I just spoke on the phone with my aunt, who was keen to get whatever details I had to offer about the nature of my upcoming defense. I can understand how non-academics are hazy on what goes on at these events; I wouldn't really know myself, if I hadn't attended so many. What throws me, though, is the way that my aunt, my grandmother, my parents, and pretty much everyone in my family simply don't understand what I plan to do for a living. I mean, they understand that I want to be a professor and researcher, but they really don't get what that entails. Case in point: I was explaining to my aunt a fellowship that I had applied for at University X. I heard her brighten up and say:
"Oh! You know, [daughter of an old boyfriend of my aunt's whom I barely know] went to University X!"
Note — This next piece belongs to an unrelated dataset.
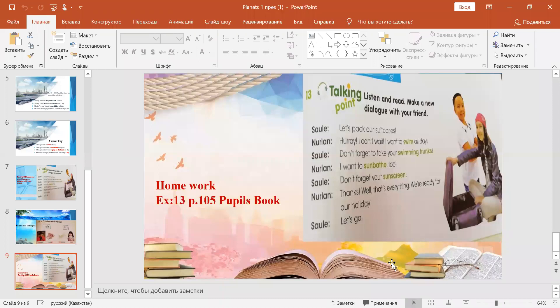Okay children, if you understand, I'll give you homework. Exercise 13, page 105 from pupil's book. Here you must make a dialogue with your friends. Thank you so much. Goodbye.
Wow, Auntie, do I not give a flying fuck about where this girl -- or anyone -- went to undergrad. University X is, um, a big school. A lot of people go there for college. This fact has exactly nothing to do with anything that I do. But for my family, who have only the vaguest idea what universities might pay me to do on a day-to-day basis, this seems to be their default setting for relating to my work. (My mom's side in particular, come to think of it.) They like to establish interpersonal links to things beyond their immediate knowledge, no matter how tenuous or irrelevant to practical concerns those links might be. I sometimes feel like they tacitly insist on establishing a link -- any link -- between themselves and wherever I might be working, as if the place doesn't really exist if they can't verify some kind of chain of relationships back to themselves. It's a weird kind of concrete thinking, and weirdly self-centered -- after all, I'm the one applying for the job, not any of them. Does every academic's family insist on somehow blessing a potential workplace by virtue of its existence in their cultural and social geography? Or is my family just peculiar?